People here love to socialize and most cafes and bars have outdoor seating. Everywhere you walk, there are lights – from the expected streetlights to the neon lights naming establishments to the string lights hung over the tables where beautiful people in beautiful clothing are drinking intensely colored cocktails. The air is filled with music, a buzz of conversation, and laughter.
As it grows later, the laughter shifts and groups break into couples, who sit a little bit closer to one another in the cooling evening air. Athens is a romantic city at night with lots of out-of-the-way cafes and bars with soft music and cozy seating. Sometimes you see a couple dancing on the street to music only they can hear. People hold hands and kiss unabashedly walking along the sidewalk on a balmy Athens evening. Why? Because it just plain feels right in this city to kiss someone when you’re walking under the moon in the shadow of the Acropolis.
And you don’t have to go out to feel the magic of the city after dark.
Some nights, I sat on my patio alone under the olive tree and string lights of my Airbnb, listening to live music coming from a little bar called Metz Coffee and Cocktails. This was about a block away and the sound carried on the cool night air as I sat there at my apartment, listening to the traditional music and tambourines that reminded me I was actually-for-real living my dream of visiting exotic places. I didn’t read a book or play on my phone these nights. I just sat there with a smile on my face, absorbing it all.
There’s no better place to change your life than Athens.
If you want to change your life, there’s no better place to do it than Athens. It’s a city where 2400-year-old temples and new homes live in harmony, surrounded by ever-blooming flowers and fruits. It’s the place where democracy began, the place where art remains thousands of years after it was created. It’s a city that has been continuously inhabited for more than 3000 years.
If Athens can hang in there and be beautiful and resilient and full of life, so can you.
This city where I was lucky enough to spend a month is where I stepped out of my old life into my new one. It’s where I learned to detach from my expectations, my rigidity, the structure of things going exactly as I planned them.
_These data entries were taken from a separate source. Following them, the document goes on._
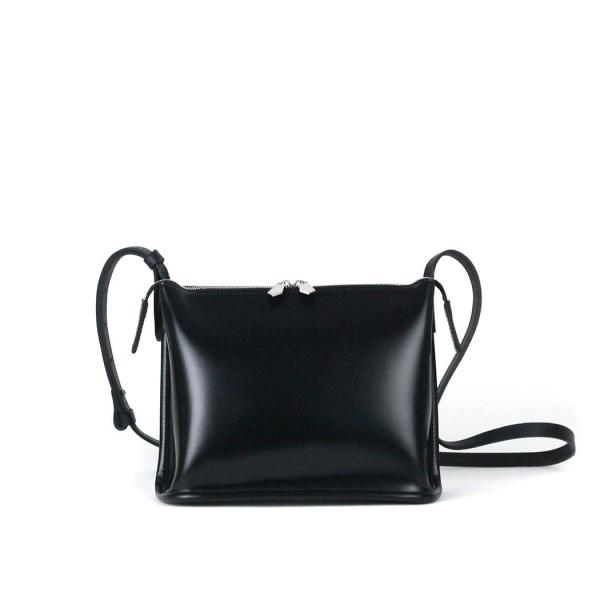 PIENI (ピエニ) SHOULDER S ショルダーバッグ MUSTA (ブラック×ナチュラル)...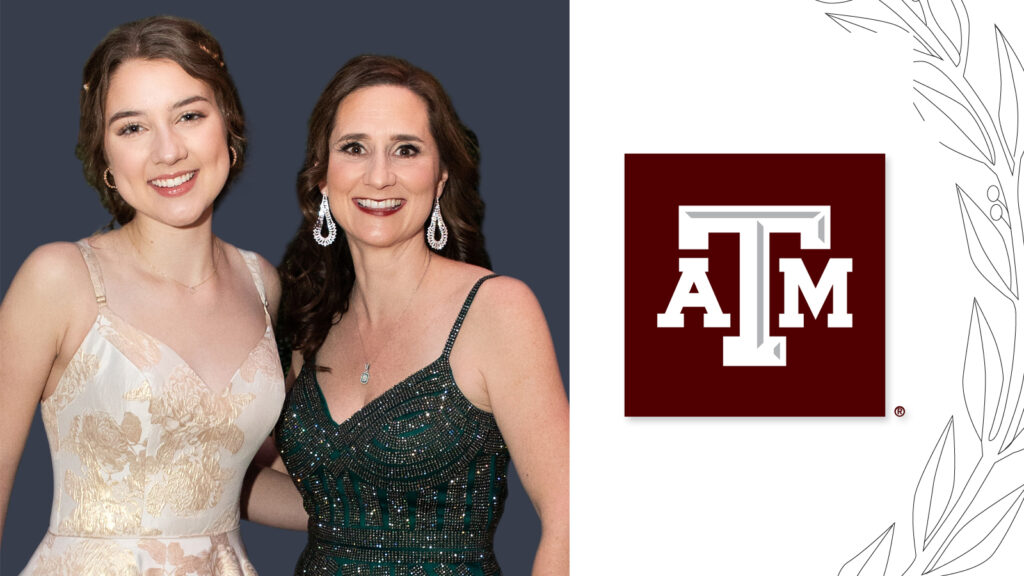 Rebecca Taylor, 20, an engineering undergraduate, and her mother, Christyn Taylor ’98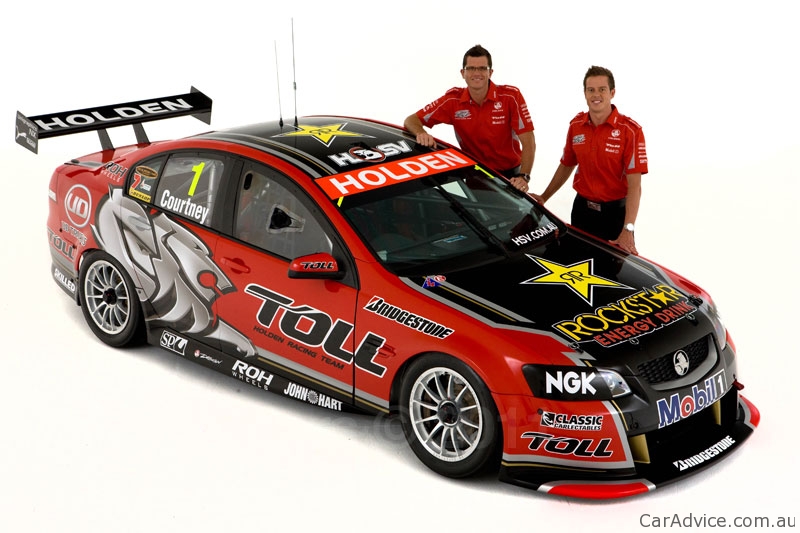 2011 Toll Holden Racing Team Commodore unveiled photos CarAdvice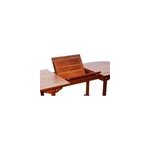 Lubok table de jardin ovale 6 chaises et 2 fauteuils en teck huil�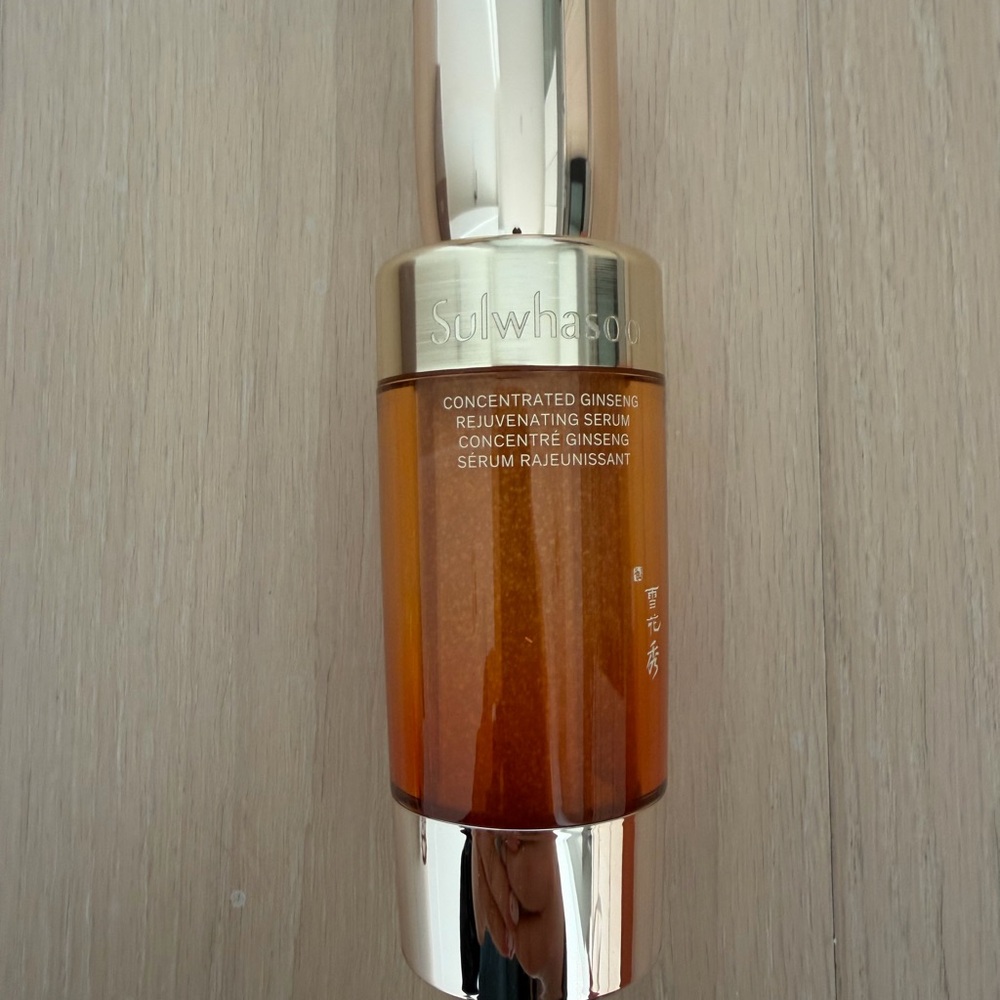 Sulwhasoo Concentrated Ginseng Rejuvenating Serum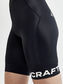 Craft CORE Endurance Fietsbroek Kort Zwart/Wit Dames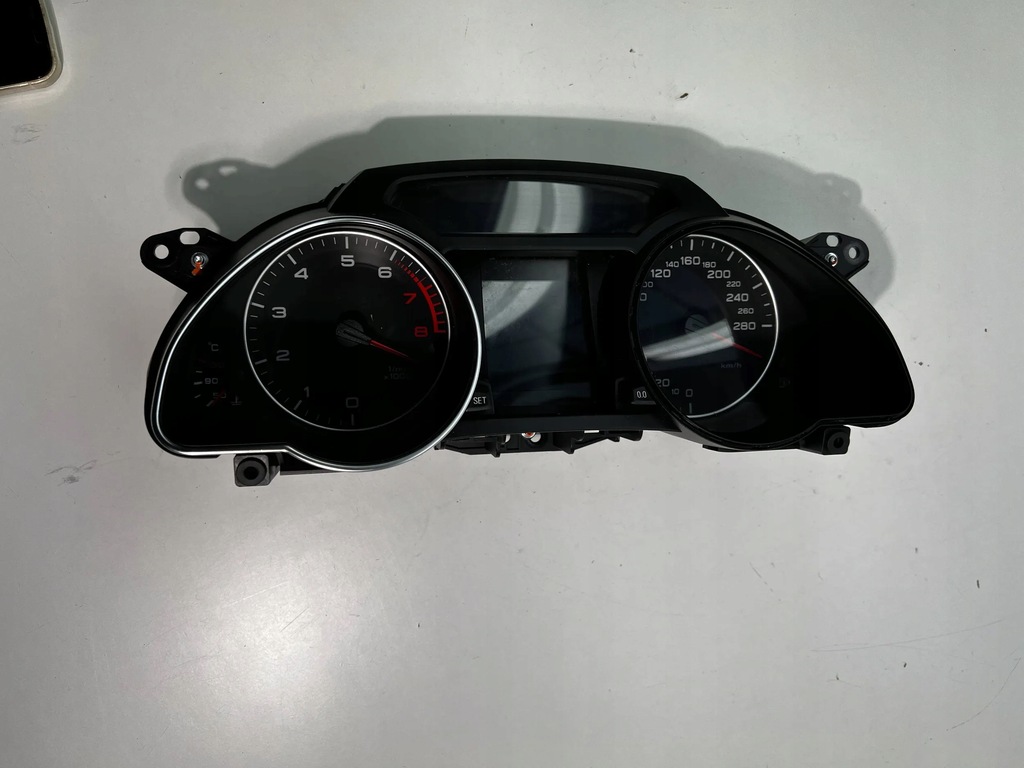 фото №1, Audi a5 8t 8f счетчик спидометр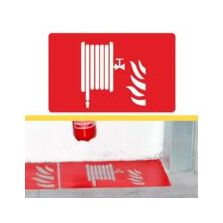 IDENTIFICATION MARQUAGE DES SOLS RIA KIT DE 5 PIECES INTERIEUR 770mm x 480 mm | WATTELEZ 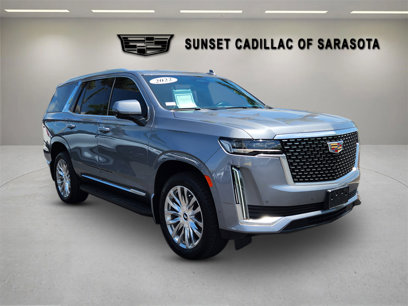 Used 2022 Cadillac Escalade Premium Luxury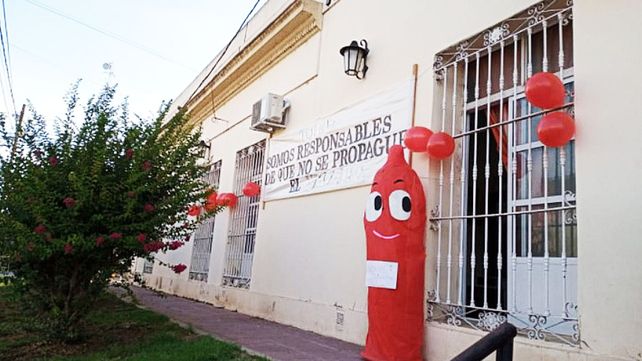 Victoria: El hospital realiza campaña su campaña de prevención del VIH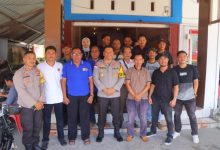 Wujudkan Pemilu Kondusif,Polres sintang Bertemu Awak Media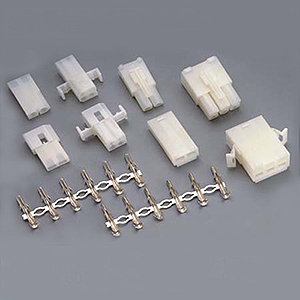 0.093" ( Φ2.36 mm ) Wire to Wire Connectors - Housing and Terminal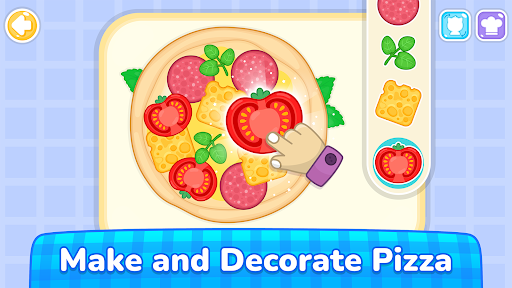 Kids Cooking Games 2 year olds screenshot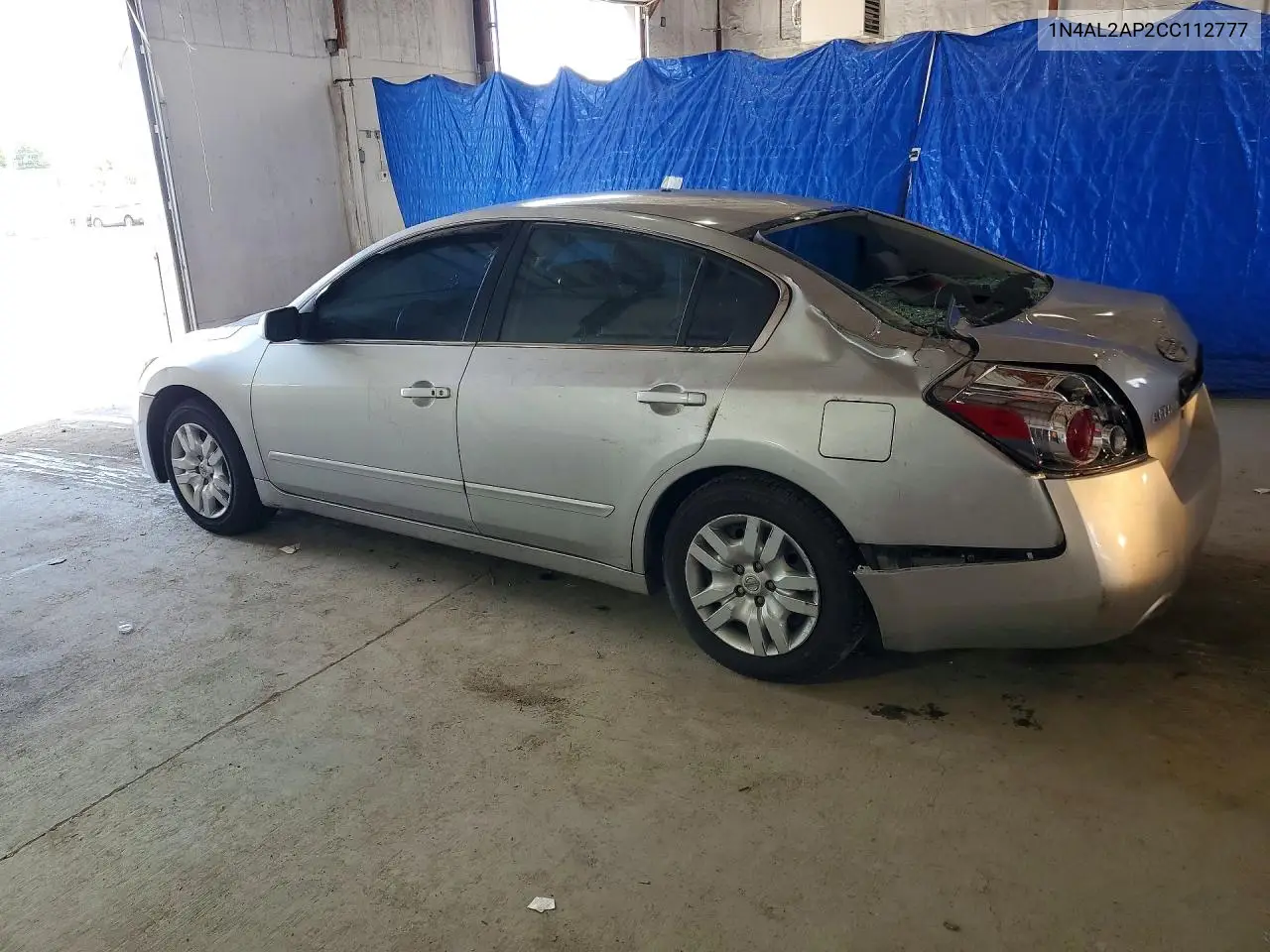 2012 Nissan Altima Base/S VIN: 1N4AL2AP2CC112777 Lot: 60815136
It’s the place where I began to be a new person, a free person, not confined by alarm clocks and societal expectations. It’s where people did not look at me and see somebody’s mom or just another shopper at the grocery store. It is where I was accepted exactly as I presented myself.
There’s a statue dedicated to Lord Byron in Athens, at the point where the Plaka and the Temple of Zeus and the National Garden meet. He loved this part of the world so much he apparently even scratched his name into one of the ornate columns at the Temple of Poseidon He said, “If I am a poet…the air of Greece has made me one.”
If I have become a new person, then I agree with Bryon – the air of Athens itself breathed life into the free spirit that was always there, peeking out, waiting for her chance.
Athens will soak into your pores if you let it and a little piece of that city will always remain in your heart, like a lost love of whom you think fondly once in a while when a certain song comes on the radio. Sometimes on a warm night, I can close my eyes and still faintly hear the music and smell the flowers.
If you love Athens, Athens will love you back, wholeheartedly. It is a glorious cascade of ancient and new, of crumbling ruins and bright flowers, and music and quiet. There’s no place like it in all the world.
I adore you, Athens, and I’ll be back.